Mackenzie's explanation of the legend of the blue men was based partly on research into the Annals of Ireland and goes back to the times of Harald Fairhair, the first Norse king, and his battles against the Vikings. The Scottish Gaelic term fir ghorma, meaning "blue men", is the descriptor for a black man according to Dwelly. Thus sruth nam fear gorm, one of the blue men's Gaelic names, literally translates as "stream of the blue men", or "river, tide or stream of the black man". Around the 9th century the Vikings took Moors they had captured and were using as slaves to Ireland.
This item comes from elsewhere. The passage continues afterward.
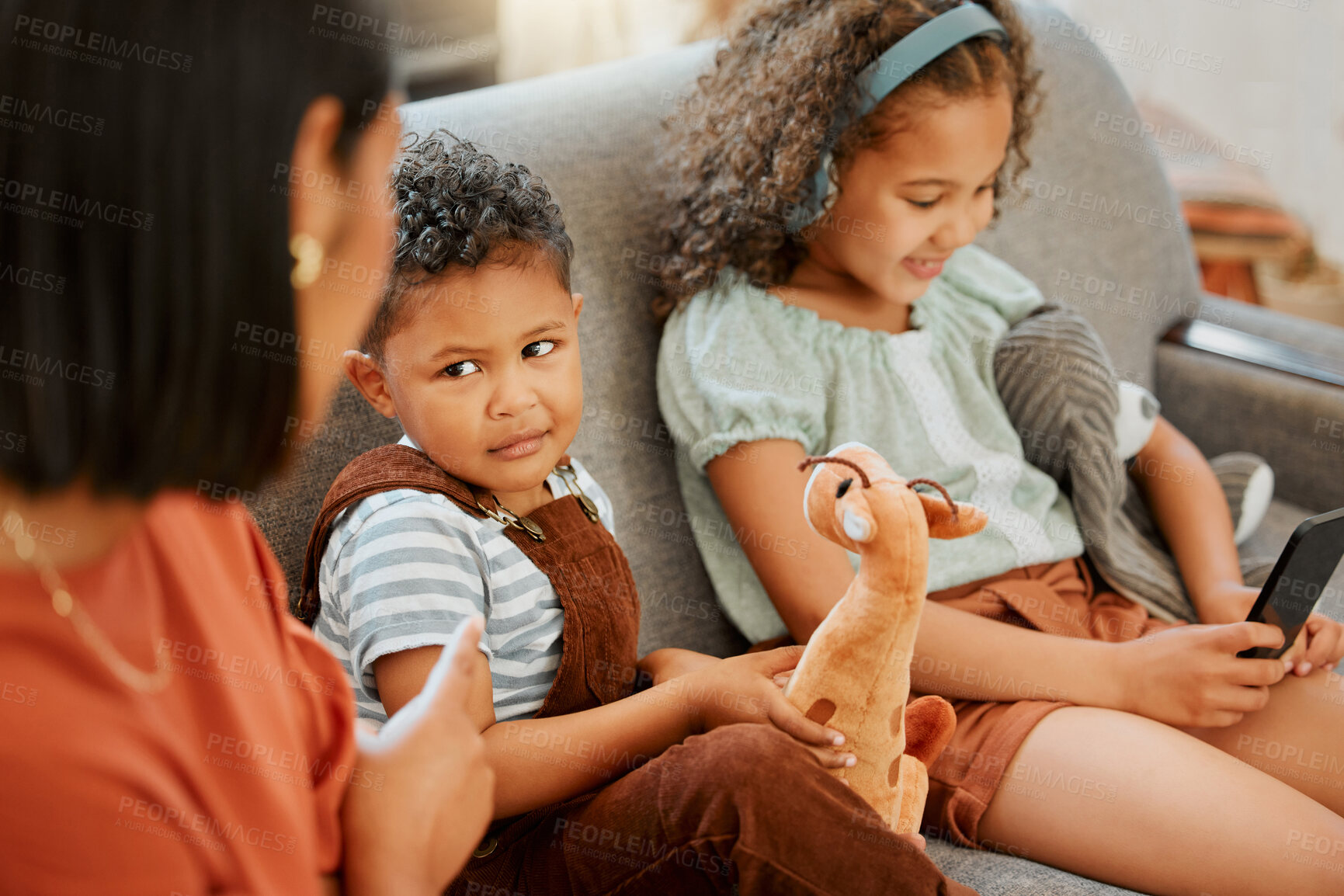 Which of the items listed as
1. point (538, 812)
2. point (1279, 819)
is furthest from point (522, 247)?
point (1279, 819)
The Vikings spent winter months near the Shiant Isles, and Mackenzie attributes the story of the blue men to "marooned foreign slaves". He quotes an excerpt from historian Alan Orr Anderson's Early sources of Scottish history, A.D. 500 to 1286:

These were the blue men [fir gorma], because Moors are the same as negroes; Mauritania is the same as negro-land [literally, the same as blackness].

More recent newspaper reports have repeated Mackenzie's hypothesis. Historian Malcolm Archibald agrees the legend originates from the days Norsemen had North African slaves, but speculates that the myth may have originated with the Tuareg people of Saharan Africa, who were known as the "blue men of the desert".

The origin of the blue men of the Minch may alternatively lie with "tattooing people" specifically the Picts, whose Latin name picti means "painted people". If they were seen crossing the water in boats resembling the kayaks of the Finn-men they may have given simple islanders and mariners the impression of the upper part of the body rising out of the water.